In the data preparation phase, our Python script acts as a data maestro, leveraging Pandas and NumPy to effortlessly load and explore datasets. Using Pandas’ read_csv function with custom separators, we swiftly ingest the CSV file into a Pandas DataFrame. This sets the foundation for a deep dive into our data, where Python’s versatile toolkit enables seamless cleaning, transformation, and organization.

Tech stack used

Apache Airflow:

Purpose: Workflow automation and scheduling.
Key Features: DAGs (Directed Acyclic Graphs) for defining workflows, scheduling and orchestrating tasks, monitoring and logging.
Use Case: Automating and orchestrating data loading to database, and scheduled dbt tasks.

dbt (data build tool):

Purpose: Transforming and modeling data in the data warehouse.
Key Features: SQL-based transformations, version control for analytics code, modularization of SQL queries.
Use Case: Transforming raw data into structured, analytics-ready datasets within a data warehouse.

PostgreSQL (Postgres):

Purpose: Relational database management system (RDBMS).
Key Features: ACID compliance, extensibility, support for JSON data types.
Use Case: Storing and managing structured data, commonly used as a data warehouse backend.

Redash:

Purpose: Business intelligence (BI) and visualization tool.
Key Features: Querying multiple data sources, creating dashboards and visualizations, sharing and collaborating on data insights.
Use Case: Creating and sharing visualizations and dashboards for data analysis and reporting.

How They Work Together:

Apache Airflow orchestrates and schedules data workflows, including dbt transformations.
dbt transforms and models data in the PostgreSQL data warehouse.
Redash connects to PostgreSQL to visualize and explore transformed data.

Methodology

Creating Virtual Machine

To initiate the project, the first step involved establishing a dedicated virtual machine, a fundamental element for achieving a production-ready setup with comprehensive Dockerization. Utilizing the robust Proxmox virtualization platform in the home lab, a virtual machine was configured with substantial resources: 4 CPU sockets, 5GB of RAM, and a capacious 64GB hard disk. This strategic allocation ensures optimal performance and scalability, creating a foundation for a seamless Dockerized environment. Following the virtual machine setup, Debian 12 (Bookworm) was installed as the operating system, laying a sturdy groundwork for subsequent development and deployment phases in this exciting project.

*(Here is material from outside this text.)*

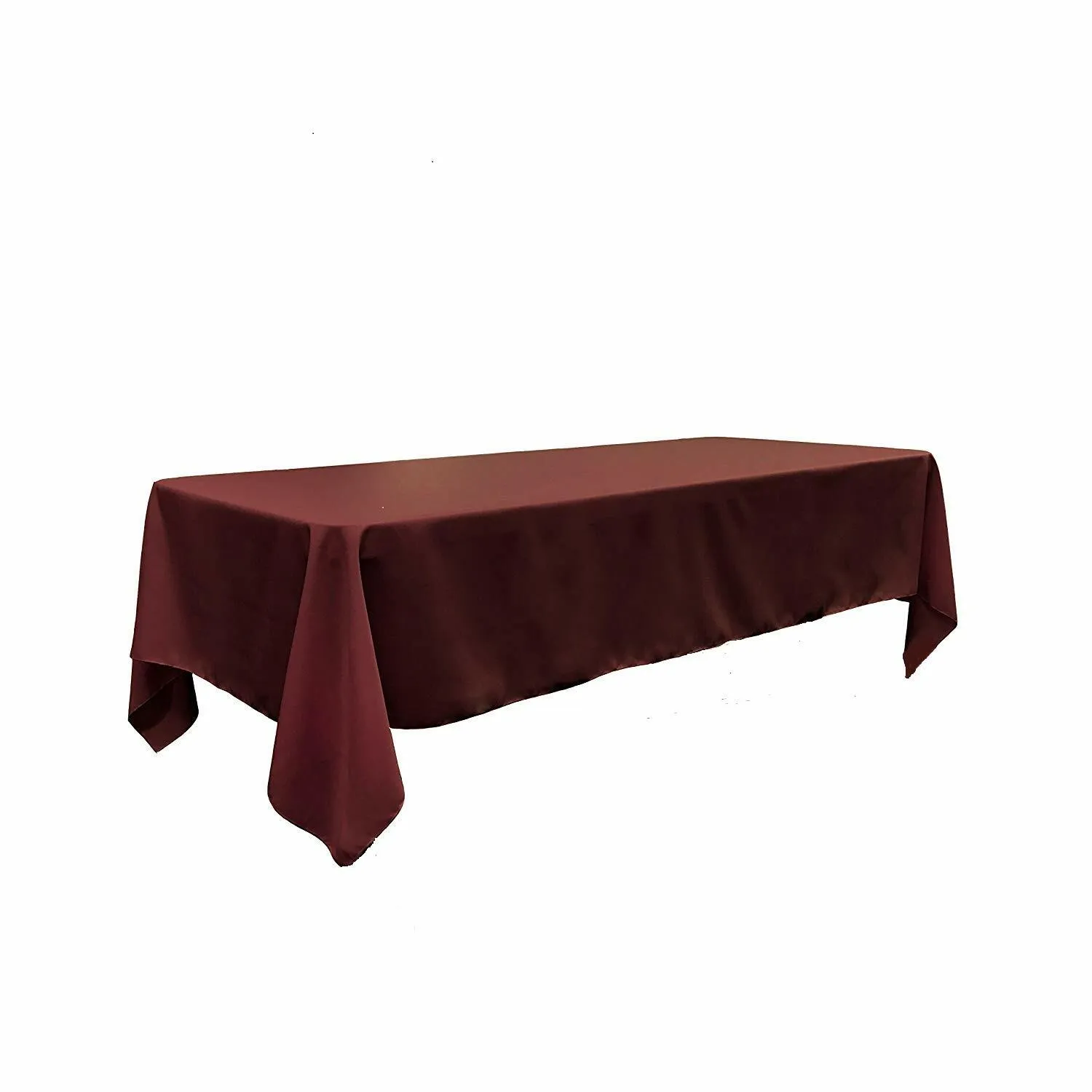 90x132 Burgundy Rectangular Polyester Tablecloth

Promox VM running debian12

Installing and using Airflow

Having configured the dedicated virtual machine, the next steps involved optimizing containerization through the installation of Docker. Following this, Apache Airflow was employed to efficiently manage data loading using Directed Acyclic Graphs (DAGs). To enhance the structure of data processing, I developed modules dedicated to extraction, logging, and parsing. Progressing further, a pivotal step was the creation of a loader DAG within Airflow, crucial for orchestrating the data workflow. The Airflow setup encompassed the crafting of a docker-compose.yml file, ensuring the installation of essential packages and proper volume mounting for seamless functionality.

Portainer container management

The loading process was scheduled to occur daily at midnight using the DAG file. Subsequently, the dbt transformation was seamlessly scheduled to follow suit. The data was stored in two distinct tables, each containing the relevant information. The orchestration of automatic data transformation through dbt was scheduled using a bash script. This meticulous scheduling ensures a timely and automated workflow, maintaining data integrity and facilitating efficient transformations for the project.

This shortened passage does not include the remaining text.